┌──
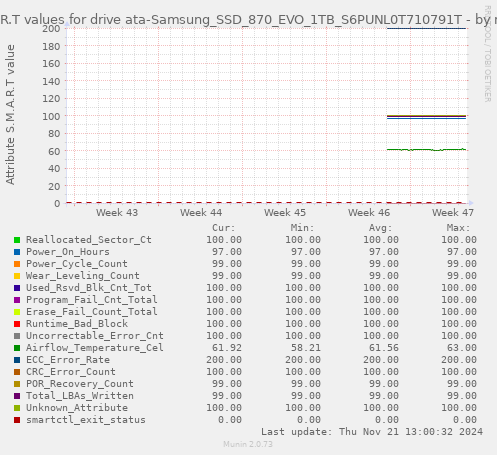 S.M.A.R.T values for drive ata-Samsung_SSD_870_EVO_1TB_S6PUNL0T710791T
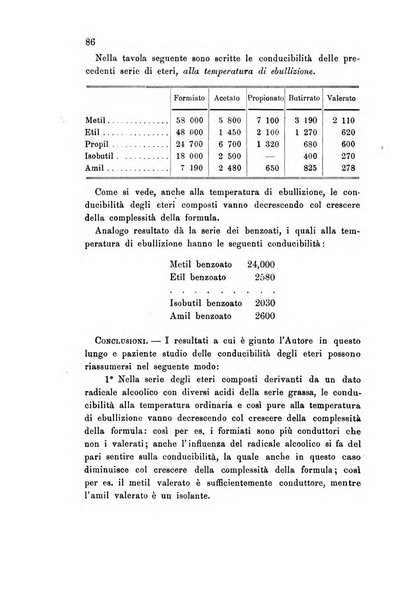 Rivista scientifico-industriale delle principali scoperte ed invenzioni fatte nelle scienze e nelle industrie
└──
┌──
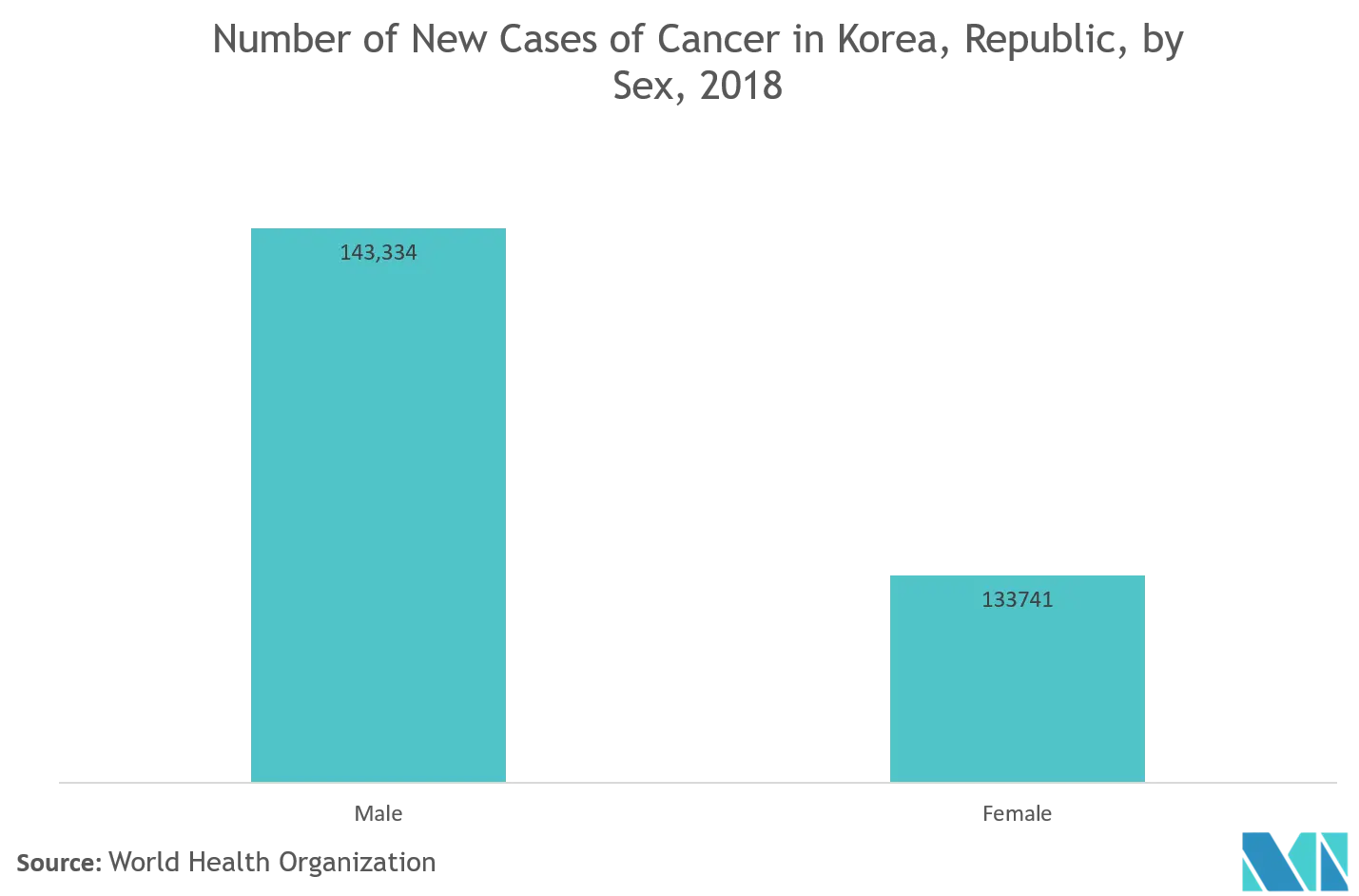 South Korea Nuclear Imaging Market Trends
└──
→ **What you will do**
Copy out exactly the lines above beginning with the line that contains "S.M.A.R.T values for" and finishing with the line that contains "Rivista scientifico-industriale delle", including both; leave the pictures out.

→ **Exercise response**
 S.M.A.R.T values for drive ata-Samsung_SSD_870_EVO_1TB_S6PUNL0T710791T
 Rivista scientifico-industriale delle principali scoperte ed invenzioni fatte nelle scienze e nelle industrie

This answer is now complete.